L’artista infatti ha girato molto, nel 1889 era Vienna poi a Monaco dove ha iniziato la sua formazione artistica aderendo alla Secessione monacense e assorbendo alcuni aspetti dell’espressionismo tedesco.
Soggiorna qualche anno a Roma, a Parigi, a Trieste fino a stabilirsi a Milano nel 1920 dove è stato tra i promotori del gruppo dei Sette pittori del Novecento.
Nella sua produzione artistica ha realizzato paesaggi, ritratti e vedute d’interno caratterizzati da una salda resa plastica e da una morbida luminosità.
La mostra presenta due momenti salienti dell’opera di Marussig, quello degli anni trascorsi a Trieste (1906-1919) e quello Milanese (dal 1920).
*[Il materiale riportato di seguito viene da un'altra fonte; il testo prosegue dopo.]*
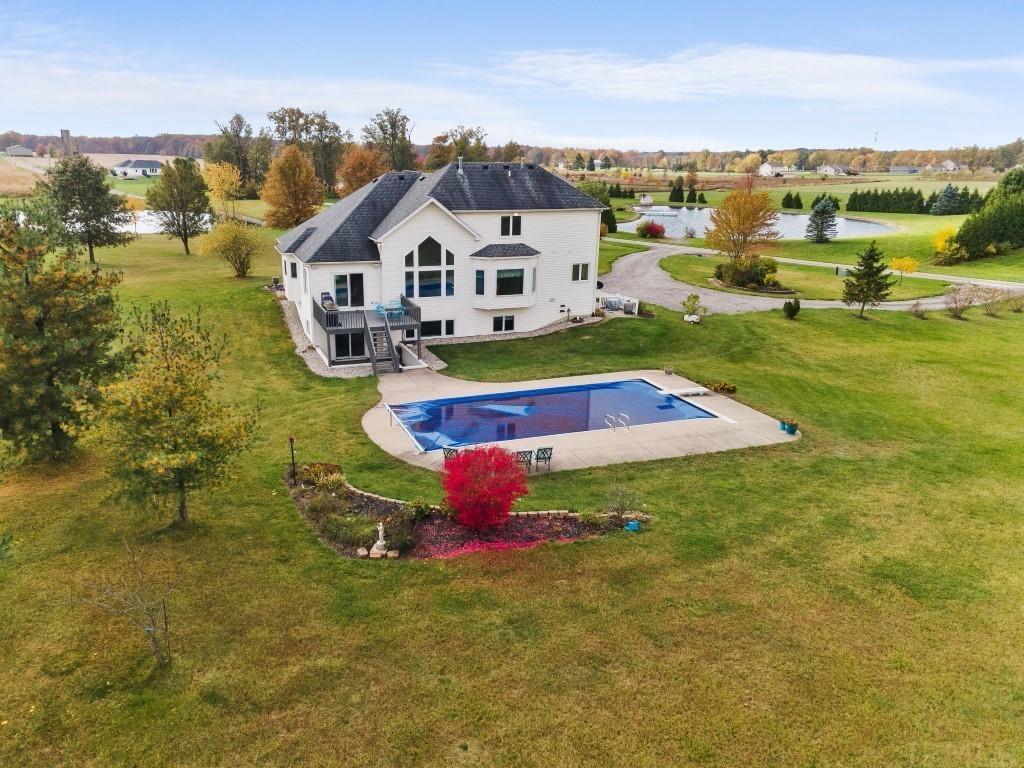 5729 Monroeville Road Fort Wayne, IN 46816 - Photo 7 of 36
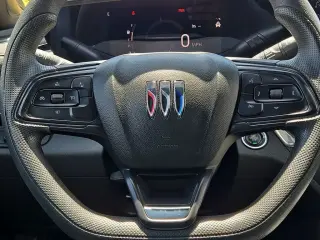 Buick Envista 2025 Preferred 4dr Crossover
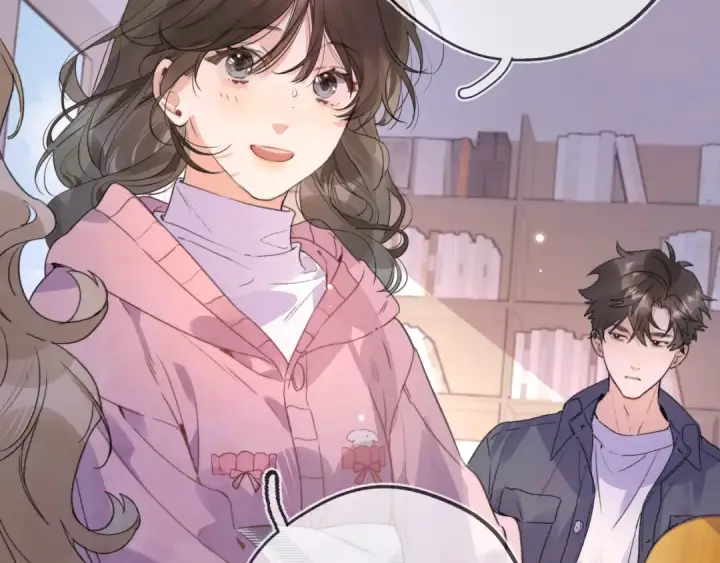漫画《告白》第三十话 莫非是你喜欢他？第12张图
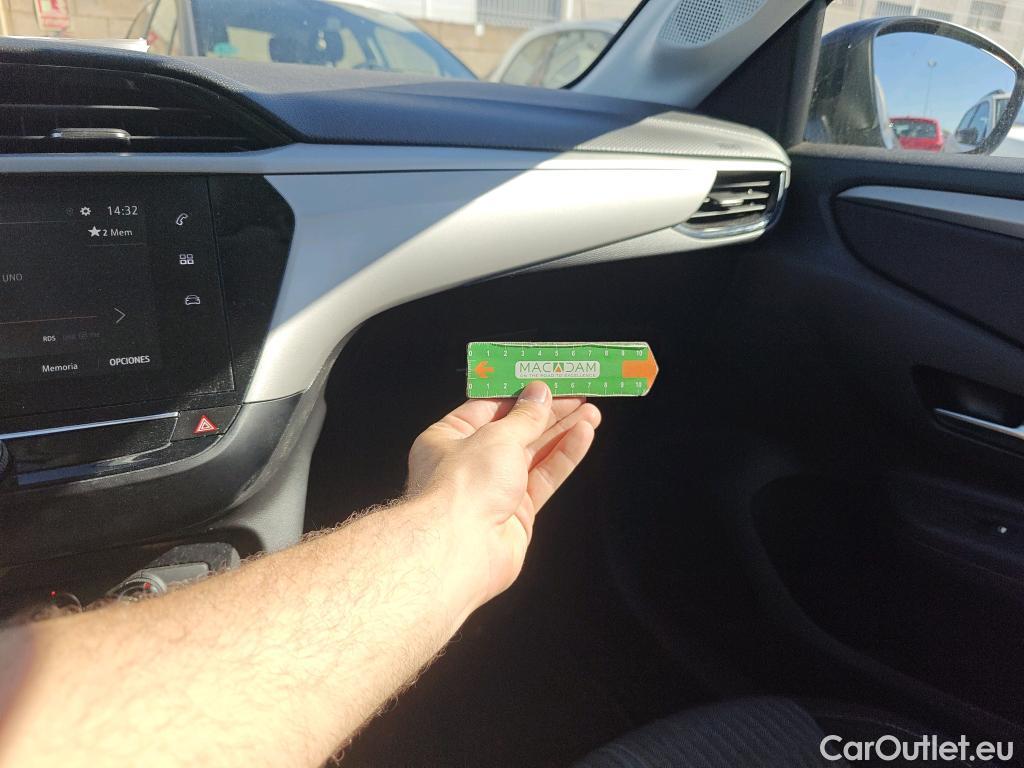  Opel  Corsa OPEL  / 2019 / 5P / berlina con portón 1.5D DT 74kW (100CV) Edition #38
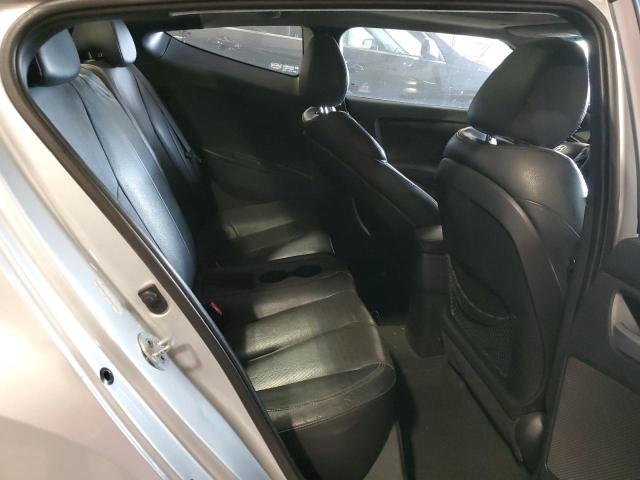 Photo 11 from auction – 2013 HYUNDAI VELOSTER T with VIN KMHTC6AE0DU083621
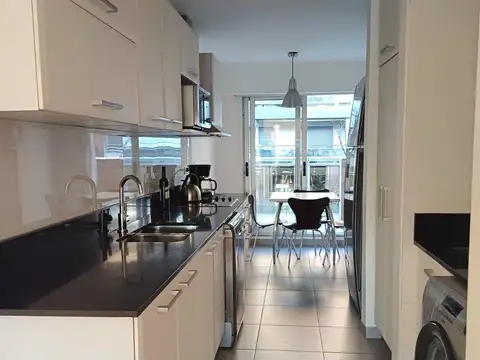 Departamento en Alquiler en Puerto Madero, USD 3.500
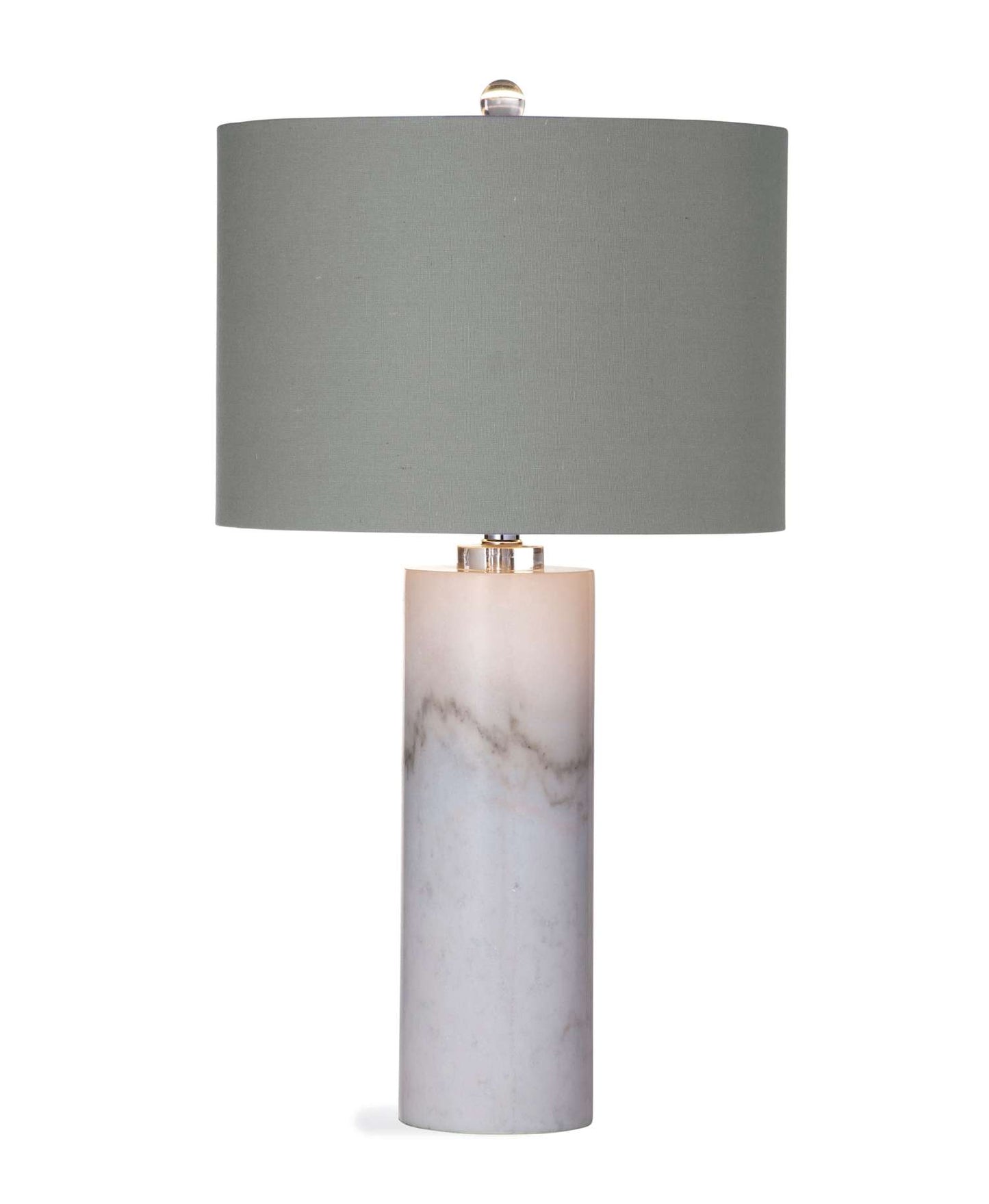 Raywick Table Lamp - Straight On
Le opere degli anni trascorsi a Trieste riflettono la sua percezione di un «macrocosmo racchiuso nel microcosmo della sua casa, dove interno ed esterno, natura e città, vita privata e vita sociale coincidevano.
Infatti, come di lui scrive Elena Pontiggia,” Per un pittore intimista, anzi intimo come lui, la natura non superava i perimetri, pur ampi, del suo giardino e per dipingere la vita gli bastavano le figure e le cose che vedeva nelle sue stanze, sulla spianata di ghiaia bianca davanti alla villa, nel parco di alberi e piante che la circondavano”.
Del periodo di Milano si ricorda la partecipazione al vivace salotto intellettuale di Margherita Sarfatti, che contribuì a farlo conoscere dalla critica e dai principali galleristi.
A Milano sente l’influenza dei colleghi artisti con cui viene a contatto (da Funi a Oppi, a Sironi, a Carrà) e abbandona il colore espressivo e dà maggiore solidità alle sue figure, trasformando quella intima quotidianità tipica delle opere “triestine”, in una dimensione sospesa e idealizzata.
La mostra è come un bel ritorno a casa dell’artista triestino di nascita.